Les commandants militaires ukrainiens disent depuis longtemps qu’ils ne manquent pas de soldats pour la guerre, mais ils ont néanmoins accueilli des milliers de volontaires dans leurs rangs, y compris des citoyens étrangers. Beaucoup d’entre eux, comme les Tchétchènes, sont des réfugiés de Russie. D’autres viennent de pays voisins, comme la Géorgie, qui se sont historiquement opposés à Moscou et au leadership du président Vladimir Poutine.

“Nous avons vu ce qui s’est passé”, a déclaré Muslim Madiyev, un commandant adjoint à la barbe grise du bataillon tchétchène, alors qu’il regardait les exercices d’entraînement. “L’Ukraine ne manque pas d’hommes, mais nous devons nous joindre et faire partie de cette guerre.”

Beaucoup de volontaires vivaient déjà en Ukraine, soit pour le travail, soit pour échapper à la répression politique dans leur propre pays. Mais certains volontaires ont eu des problèmes avec des permis de séjour, tandis que leur empressement à rejoindre le combat a éveillé les soupçons de certains responsables et commandants ukrainiens, qui sont en état d’alerte pour les saboteurs.

Des membres du bataillon tchétchène s’exercent à l’évacuation d’un soldat blessé. Bientôt, ils le feront dans la vraie vie au front lorsqu’ils relèveront les unités régulières ukrainiennes.Image NYT

Mais les bénévoles semblent maintenant trouver leur place. Vétéran de deux guerres en Tchétchénie contre Moscou, Madijev était un associé de Dzhokhar Dudayev, l’ancien général soviétique qui a dirigé l’indépendance de la Tchétchénie vis-à-vis de la Russie dans les années 1990. Exilé de Tchétchénie, M. Madiyev s’est installé en Ukraine en 2016.

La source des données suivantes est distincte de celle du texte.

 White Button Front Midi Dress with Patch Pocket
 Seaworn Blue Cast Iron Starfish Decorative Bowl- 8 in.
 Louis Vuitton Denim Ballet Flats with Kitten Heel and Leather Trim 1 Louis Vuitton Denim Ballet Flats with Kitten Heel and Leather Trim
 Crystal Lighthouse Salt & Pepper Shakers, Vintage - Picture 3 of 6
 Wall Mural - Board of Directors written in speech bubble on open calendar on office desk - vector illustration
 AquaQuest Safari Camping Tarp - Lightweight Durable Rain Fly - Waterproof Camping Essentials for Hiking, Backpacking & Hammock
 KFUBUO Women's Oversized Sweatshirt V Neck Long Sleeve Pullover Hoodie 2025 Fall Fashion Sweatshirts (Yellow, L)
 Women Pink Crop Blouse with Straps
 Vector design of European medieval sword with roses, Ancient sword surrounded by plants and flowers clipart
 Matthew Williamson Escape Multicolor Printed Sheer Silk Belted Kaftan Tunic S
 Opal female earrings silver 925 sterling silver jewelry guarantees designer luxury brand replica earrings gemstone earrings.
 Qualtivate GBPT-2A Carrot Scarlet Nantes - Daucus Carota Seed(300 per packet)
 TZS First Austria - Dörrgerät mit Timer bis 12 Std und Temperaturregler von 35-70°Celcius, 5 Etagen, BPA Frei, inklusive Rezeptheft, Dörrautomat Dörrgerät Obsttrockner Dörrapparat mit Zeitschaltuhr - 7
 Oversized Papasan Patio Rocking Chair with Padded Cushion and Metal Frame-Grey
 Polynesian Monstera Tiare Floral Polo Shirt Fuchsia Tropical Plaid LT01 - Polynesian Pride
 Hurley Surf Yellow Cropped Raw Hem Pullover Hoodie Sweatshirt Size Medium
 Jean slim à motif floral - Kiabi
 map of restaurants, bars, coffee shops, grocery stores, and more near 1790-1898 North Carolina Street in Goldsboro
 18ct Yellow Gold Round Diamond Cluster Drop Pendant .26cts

Son bataillon, nommé d’après le défunt chef tchétchène, est l’une des nombreuses unités tchétchènes qui ont rejoint l’Ukraine dans la lutte contre la Russie ces dernières années, à la suite du soulèvement de 2014 des séparatistes soutenus par la Russie dans l’est de l’Ukraine et de l’annexion de la Crimée. Madiyev a refusé de révéler combien de combattants actifs il avait, disant simplement : “Nous en avons assez”.

Il a parlé de l’invasion russe comme le font de nombreux Ukrainiens ; que si Moscou n’est pas arrêté en Ukraine, de nombreux autres pays d’Europe seront menacés.

Mais les jeunes combattants de son bataillon vont encore plus loin.

“Notre objectif est la libération de la République tchétchène d’Itchkérie”, a déclaré un combattant tchétchène, utilisant le nom de l’ancienne république autoproclamée, “et d’aider toutes les nations qui veulent gagner la liberté”. En stricte conformité avec le protocole militaire, il n’a donné que son nom de code Maga.

Les Tchétchènes ne sont qu’un exemple des nombreux bataillons et régiments ethniques qui se sont formés en Ukraine depuis l’invasion russe en février dernier.

Les combattants du Bélarus ont formé un régiment de milliers de soldats. D’autres volontaires viennent du Caucase et d’Asie centrale, ou de minorités ethniques très peuplées en Russie comme les Tchétchènes, les Tatars et les groupes turcophones.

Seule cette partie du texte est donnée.